ABOUT THIS TASK:
In the material below, find the line containing "Detached at 11099" and output it and all lines after it exactly, through the last one, without the pictures.

DATA SEGMENT:
┄┄┄┄┄┄

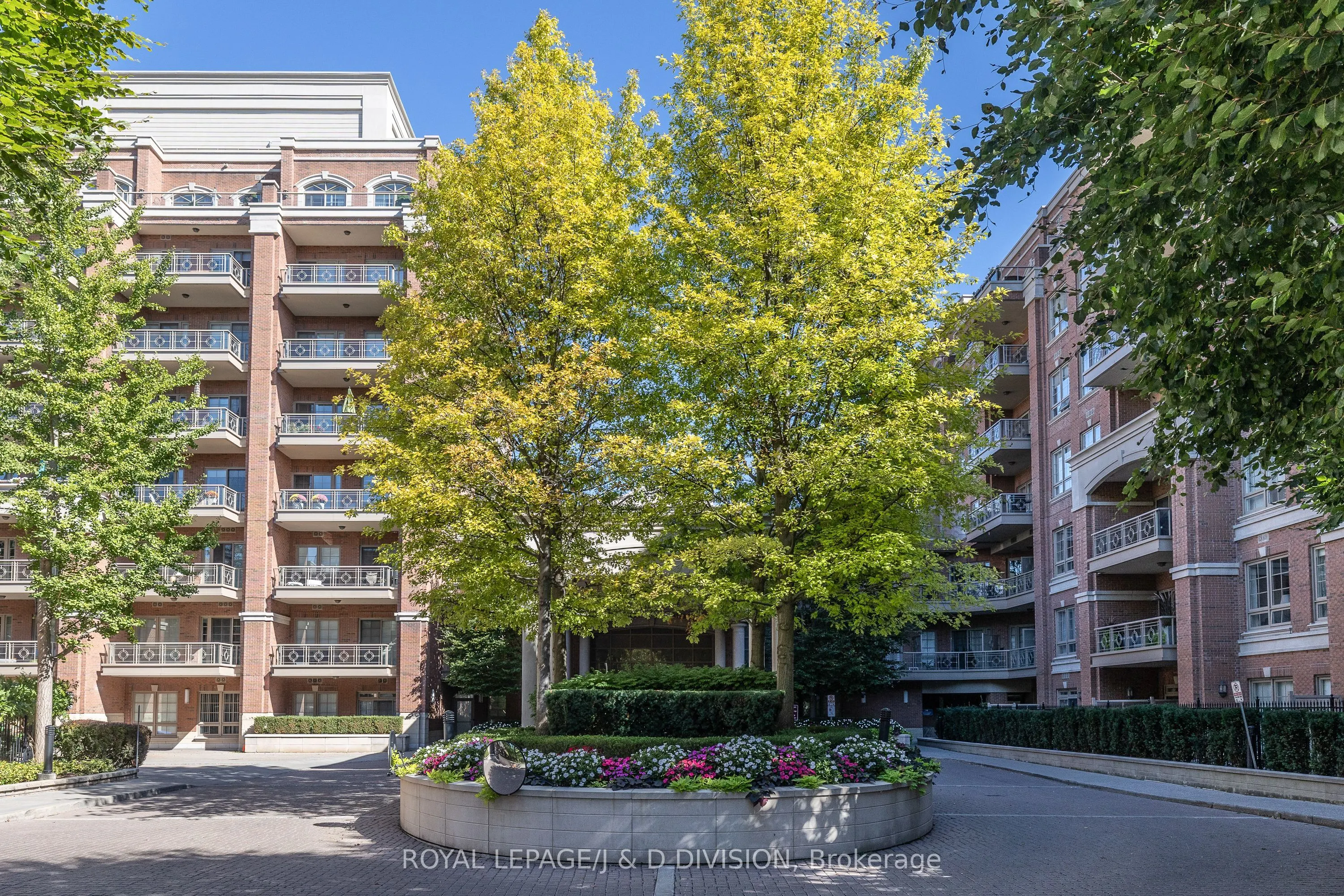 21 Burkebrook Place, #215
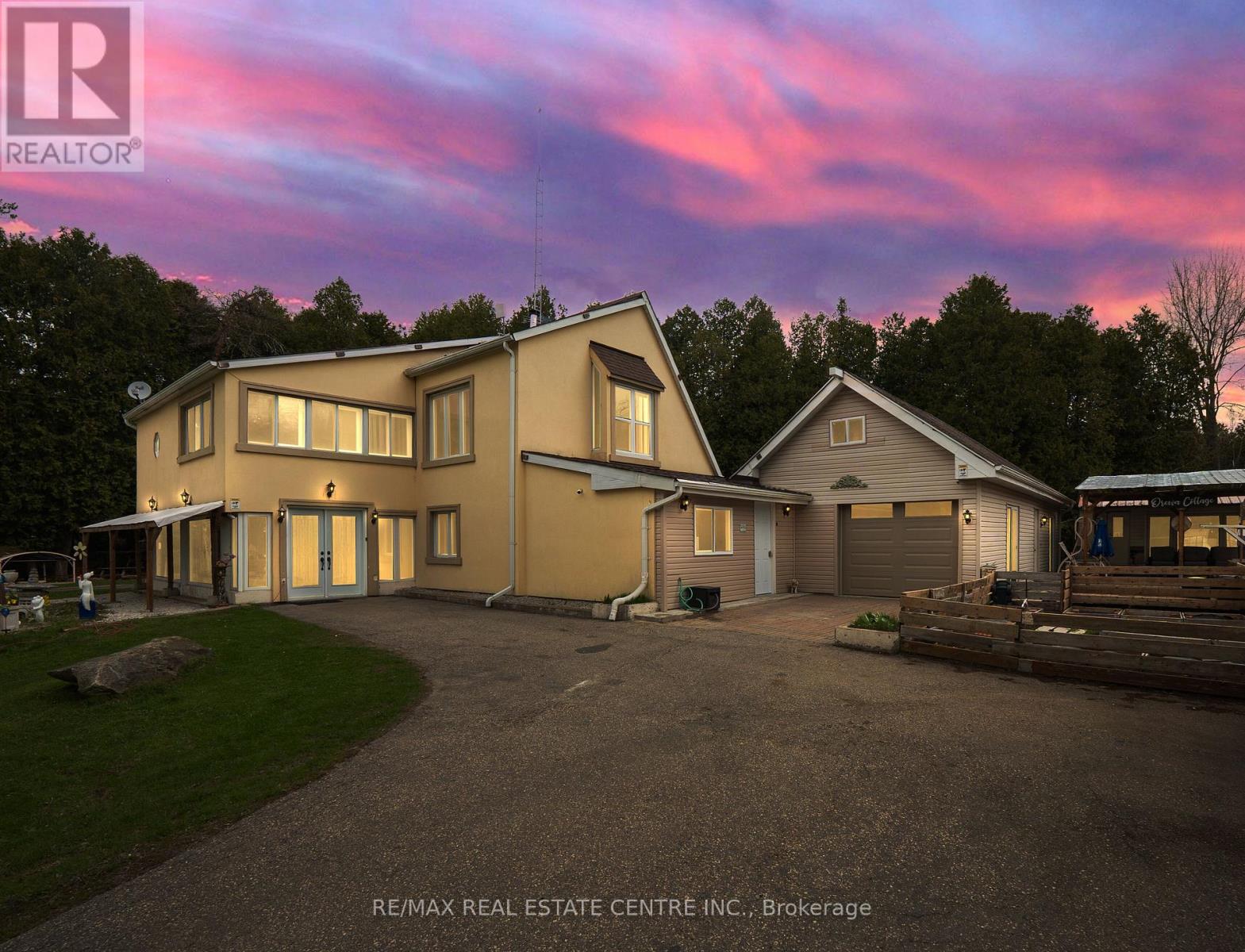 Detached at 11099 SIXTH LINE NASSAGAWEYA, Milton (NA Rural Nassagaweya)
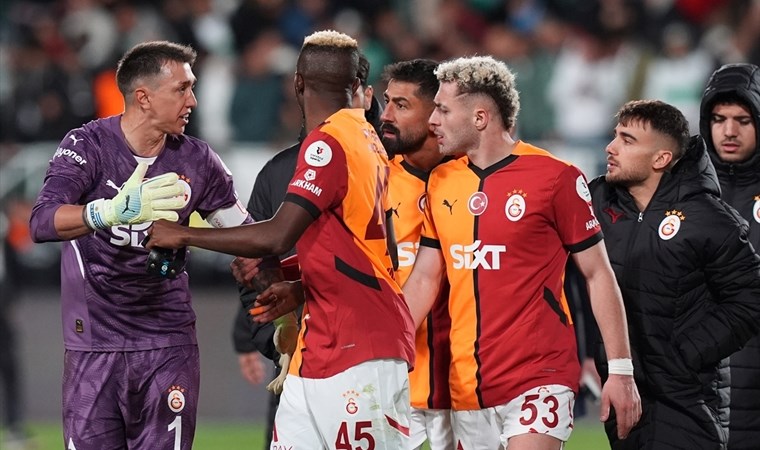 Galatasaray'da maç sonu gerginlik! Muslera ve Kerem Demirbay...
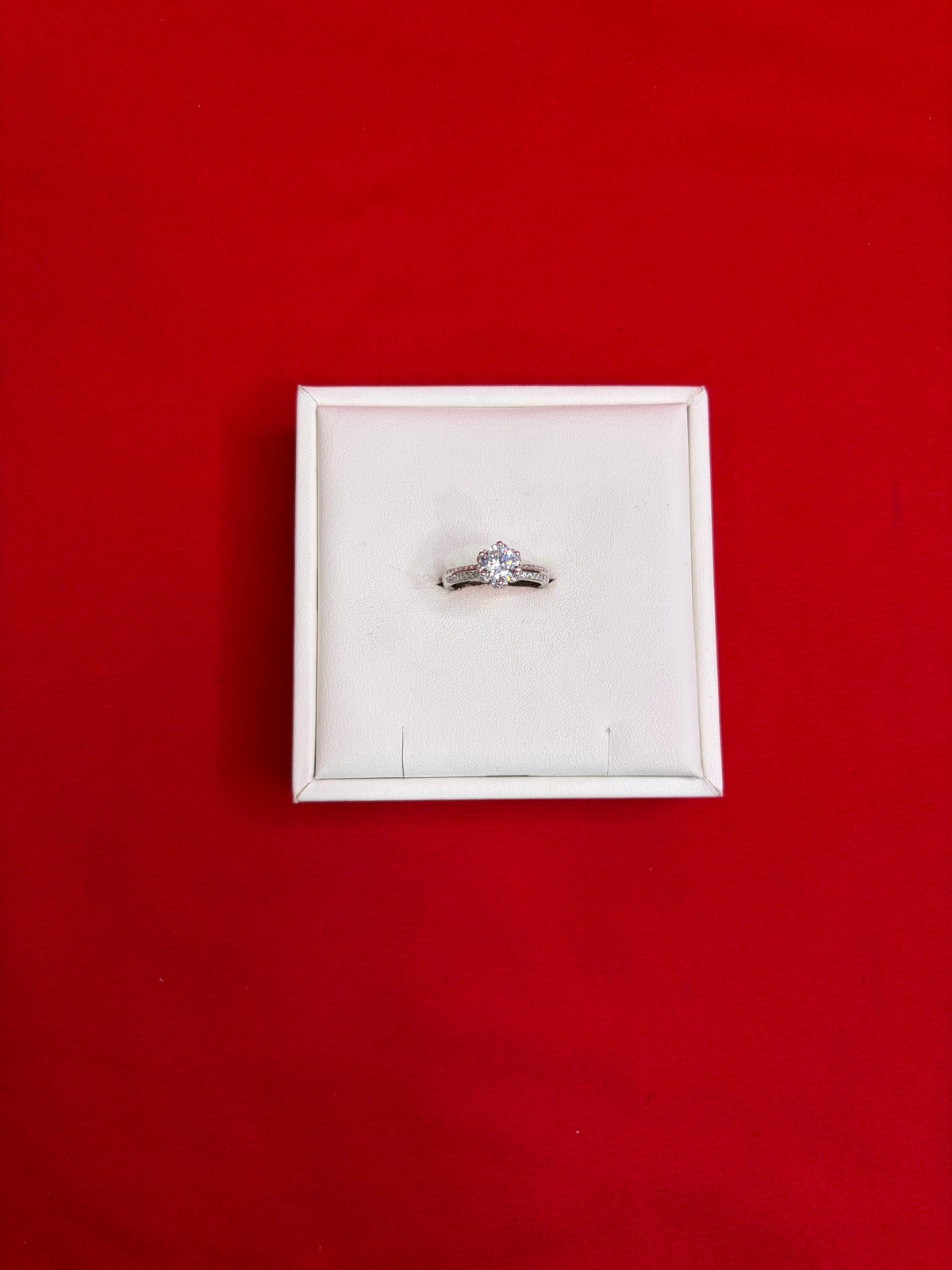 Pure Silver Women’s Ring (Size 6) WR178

┄┄┄┄┄┄

SOLUTION FOR THIS PROBLEM:
 Detached at 11099 SIXTH LINE NASSAGAWEYA, Milton (NA Rural Nassagaweya)
 Galatasaray'da maç sonu gerginlik! Muslera ve Kerem Demirbay...
 Pure Silver Women’s Ring (Size 6) WR178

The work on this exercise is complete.